Bu yurttaşımız gibi düşünen o kadar çok insanımız var ki. Yurttaşımızın söz ettiği, 6 Şubat 2023’teki büyük deprem sırasında yaşanan kurtarma çalışmalarında yaşanan yetki ve sorumluluk kargaşasını hatırlayalım. O zaman da gecikmelerin ve kargaşanın baş sorumlusu tüm yetkileri bir adamda toplayan siyasal iktidar görülmüştü. Kartalkaya’daki yangın felaketinde yaşanan gecikmeler, yetki ve sorumluluk karmaşasının temel nedeni de tüm yetkileri Ankara’da toplayan siyasal iktidar olarak görülüyor.
“Siyasal iktidar, bürokrasinin fabrika ayarlarının bozdu. Tarikat ve cemaat mensuplarıyla liyakatsız kişiler devletin kılcal damarlarını sızdı. Kamuda bir göreve atanmak için aranan temel kriter siyasal iktidara sadakat oldu. Liyakatlı olmak geri plana itildi” deniliyor.
Cumhurbaşkanı ve AKP Başkanı Erdoğan, tüm yetkileri tek adamda toplayan Cumhurbaşkanlığı Hükümet Sistemi’nin muhafaza edilmesinden yana. Erdoğan, Cumhurbaşkanlığı görevini 2028’den sonra da sürdürmek arzusunda. Son dönemde atılan kimi adımlar ve girişimler de esas itibarıyla bu çerçevede değerlendiriliyor.
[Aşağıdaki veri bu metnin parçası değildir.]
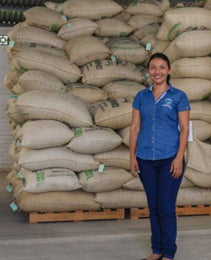 Mexico - CESMACH Cooperative - FTO WP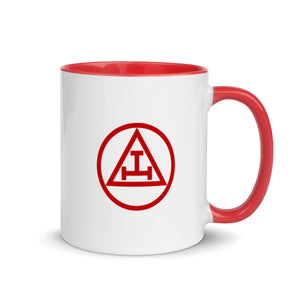 Royal Arch Masons Mug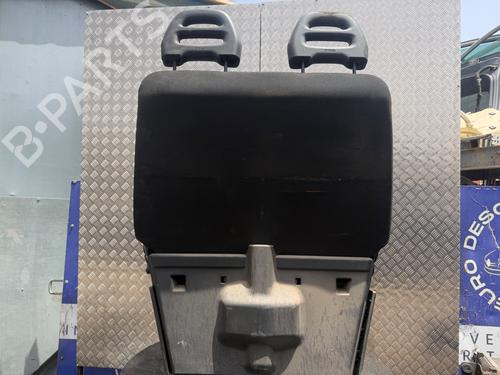 Right front seat IVECO DAILY VI Platform/Chassis | BP37631159C16 - Image 3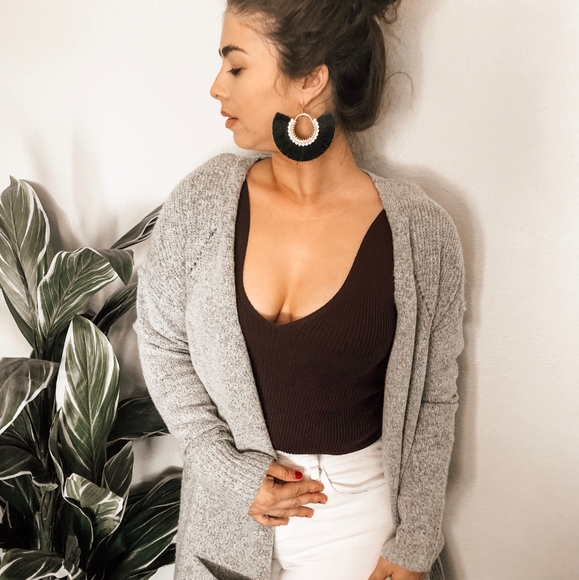 Large left! NWT Bodysuit! - Picture 4 of 5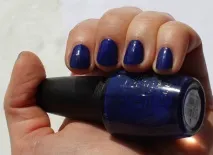 Мої лаки для нігтів Л’Етуаль, China Glaze, O china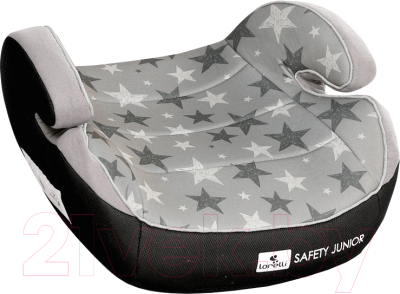 

Бустер Lorelli, Safety Junior Fix Grey Stars / 10071332015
Erdoğan, “Benim iktidarımı sürekli kılın, girişimlerde, atılacak adımlarda bu konuya odaklanın” minvalinden bir yaklaşım içinde.
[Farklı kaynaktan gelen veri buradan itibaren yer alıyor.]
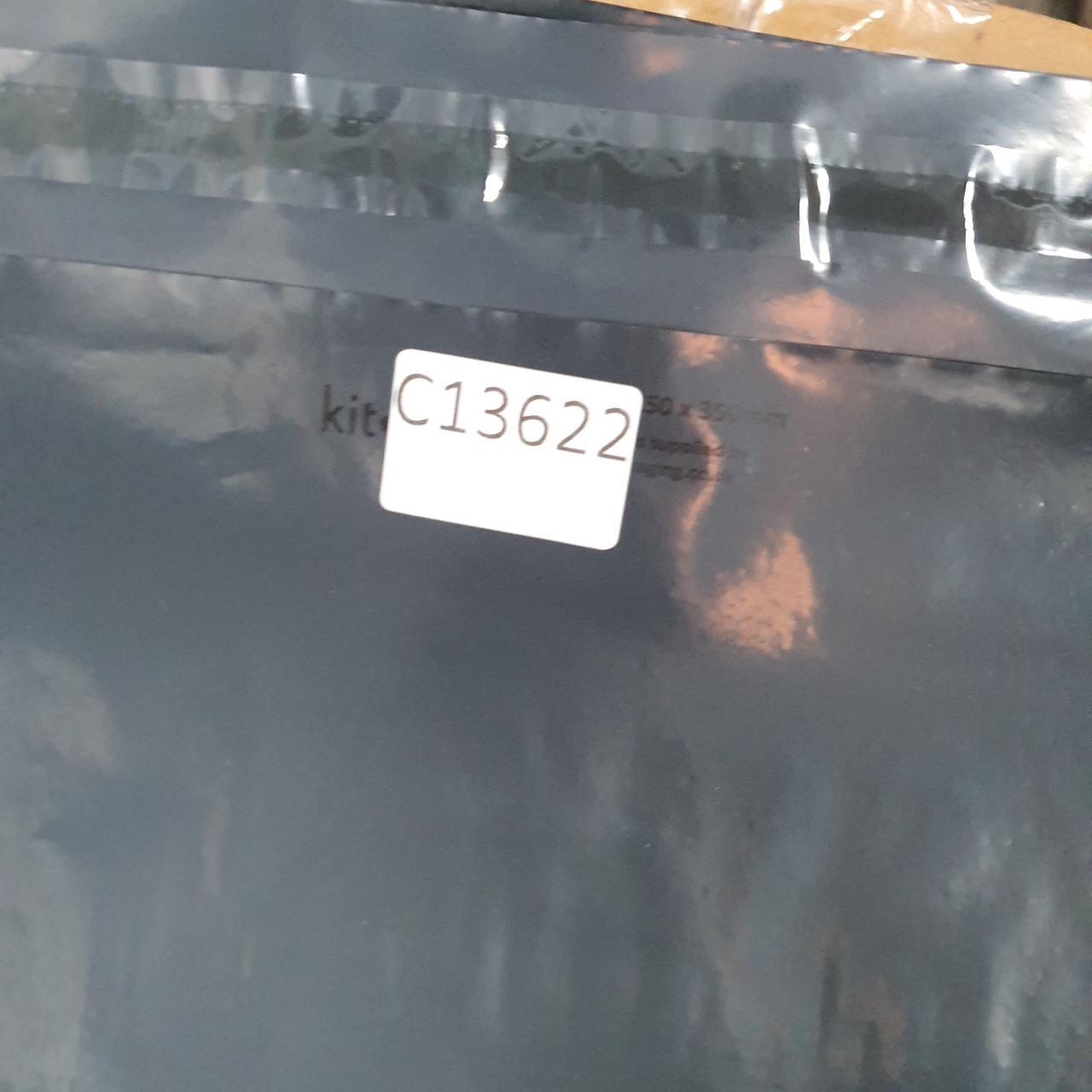 Vintage Ralph Lauren Polo Knit Sweater Womens 2XL Blue Cotton Pullover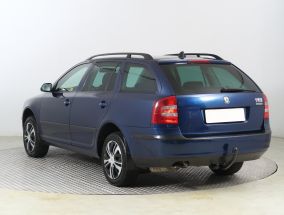 Skoda Octavia - 2007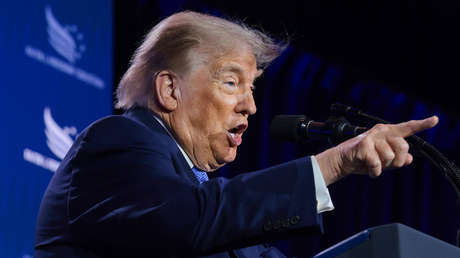 Pezeshkian reacciona a las declaraciones hostiles de Trump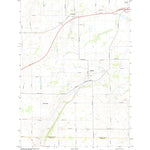 Oakfield, WI (2013, 24000-Scale) Preview 1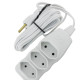 F.C Ext. New Pl 1,5 Mts Branca 27779 F.C Ext. New Pl 1,5 Mts Branca 27779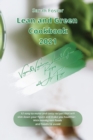 Image for Lean and Green Cookbook 2021 Vegan&amp;vegetarian Lean and Green Recipes with Air Fryer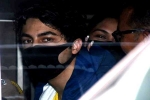 Aryan Khan breaking news, Aryan Khan drugs, aryan khan given ncb custody till october 7th, Sameer wankhede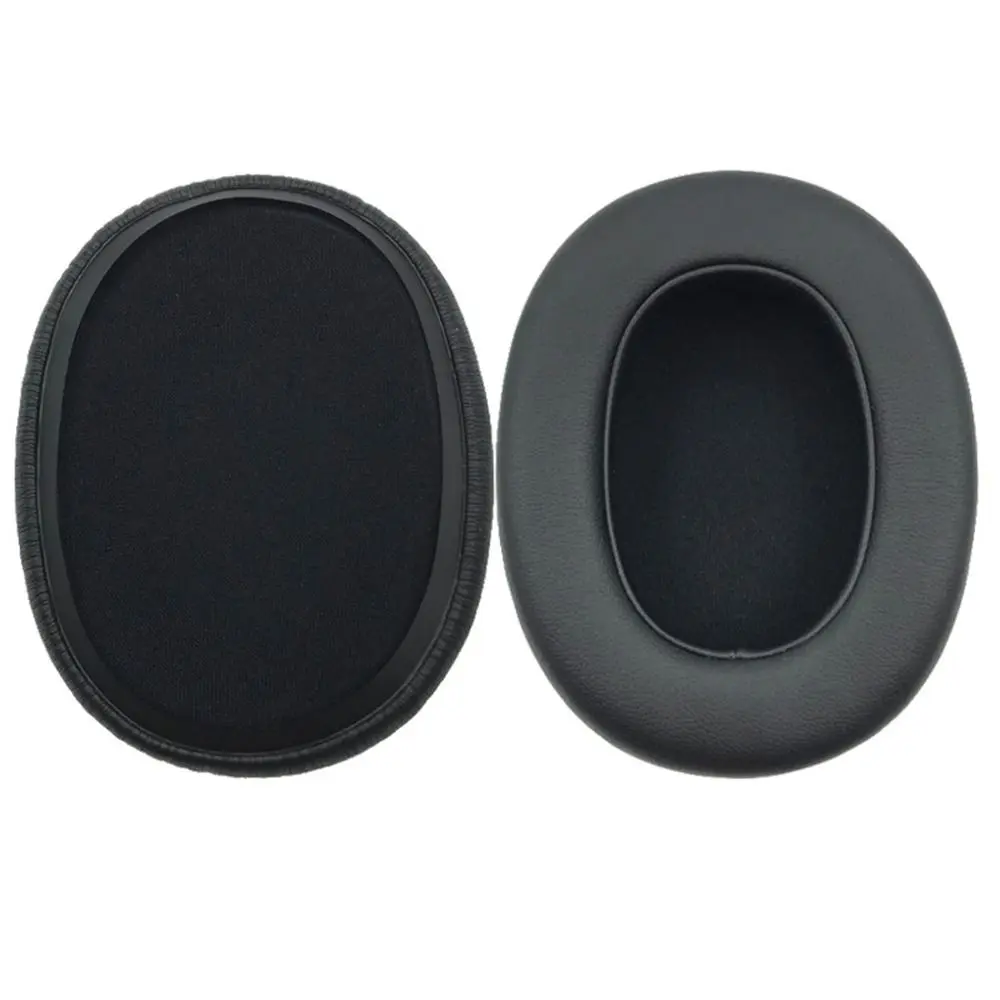 1Pair Replacement Ear Pads Soft Memory Foam Cushion for AKG K361 K371 Headphone Earpad Headset Accessories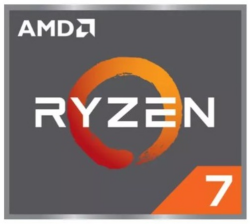 AMD Ryzen 7 5800X3D TRAY 3D V-Cache 3,4 GHz MAX Boost 4,5 8x Core 100MB 100 MB (100-100000651)
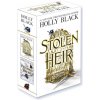 BX-STOLEN HEIR BXSET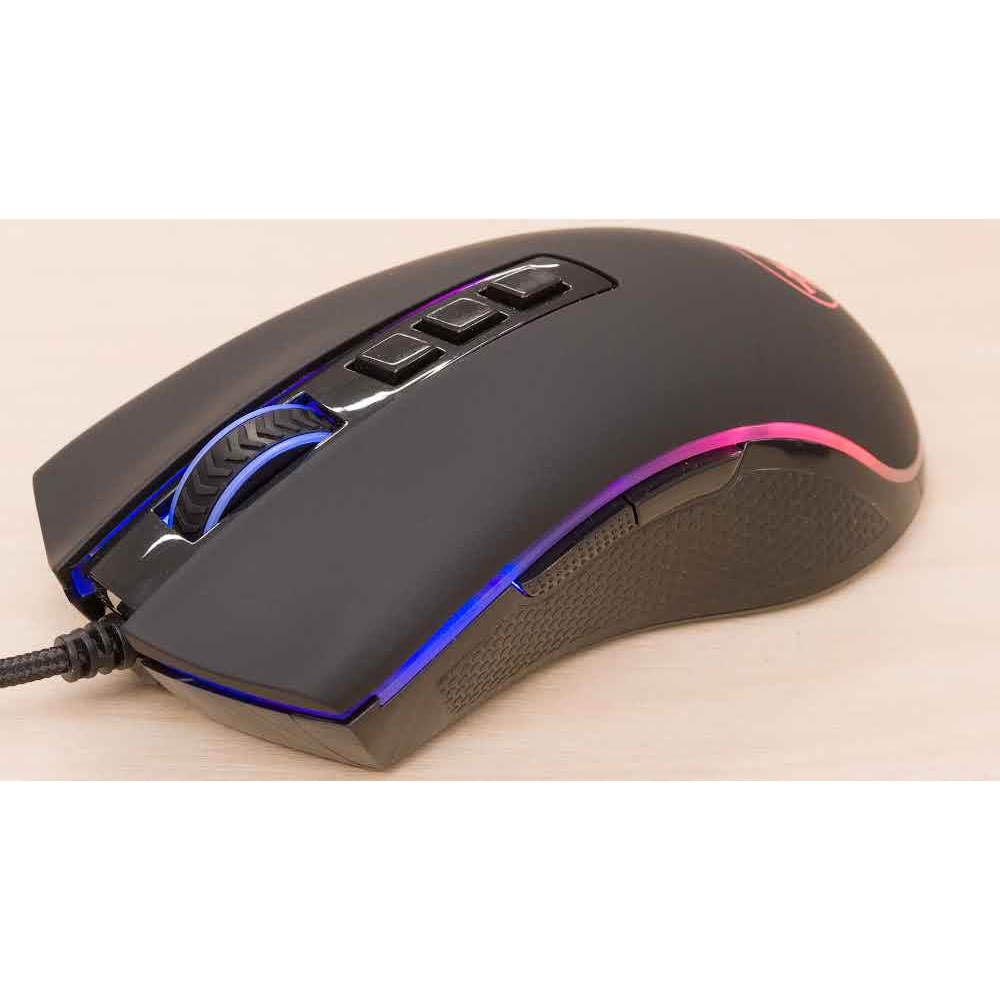 COBRA FPS GAMING MOUSE M711-FPS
“AKP kadroları içinde farklı yaklaşım içinde olan, farklı düşünen, değerlendiren insanlar yok mu?” diye zaman zaman düşünmüyor değilim. AKP’nin kurucularından Bülent Arınç, eski milletvekili Şamil Tayyar gibi politikacıların zaman zaman çıkışlarından umutlanıyorum. Ancak yeterli görmüyorum. Toplumsal ve kültürel iktidarın bu aşamada kitlesel demokratik eylemlere girişebileceğine de ihtimal vermiyorum. Siyasal iktidar boşuna telaşa kapılmasın. Bu kesimlerin dile getirdiği yakınmalardan ders alsın.
Diğer yandan, AKP’nin kurucu kadrolarına, önde gelen eski siyasetçilerine, önde gelen ekonomi çevrelerine vb. bir çağrım olacak. Topluca bir açıklama yapın. Kaygılarınızı, endişelerinizi bireysel olarak değil, topluca dile getirin kamuoyu önünde. İnsanlarımızdaki umutsuzluğu, kötümserliği siyasal iktidarının dikkatine getirin. İzlenen baskı politikalarının sakıncaları konusunda iktidarı uyarın. Bu gidişin gidiş olmadığını, sürmesi halinde önümüzdeki yıllarda başlarının çok daha ağrıyacağını hatırlatın. Dalkavuklara, hacıyatmazlara, yalakalara itibar edilmemesi gerektiğini söyleyin.
Benzer çağrım gidişattan memnun olmayan başta MHP, Cumhur İttifakı’nı oluşturan partilerin mensuplarına… İnsanlarımızdaki umutsuzluğu ve iktidarın izlediği baskı politikalarının yol açabileceği riskleri liderlerinizin dikkatlerine getirin. Bu iktidara körü körüne destek olmamaları gerektiğini söyleyin. Mevcut gidişattan seçmenlerinizin de memnun olmadığını hatırlatın liderlerinize. Liderlerinizden, siyasi iktidarı uyarmasını talep edin.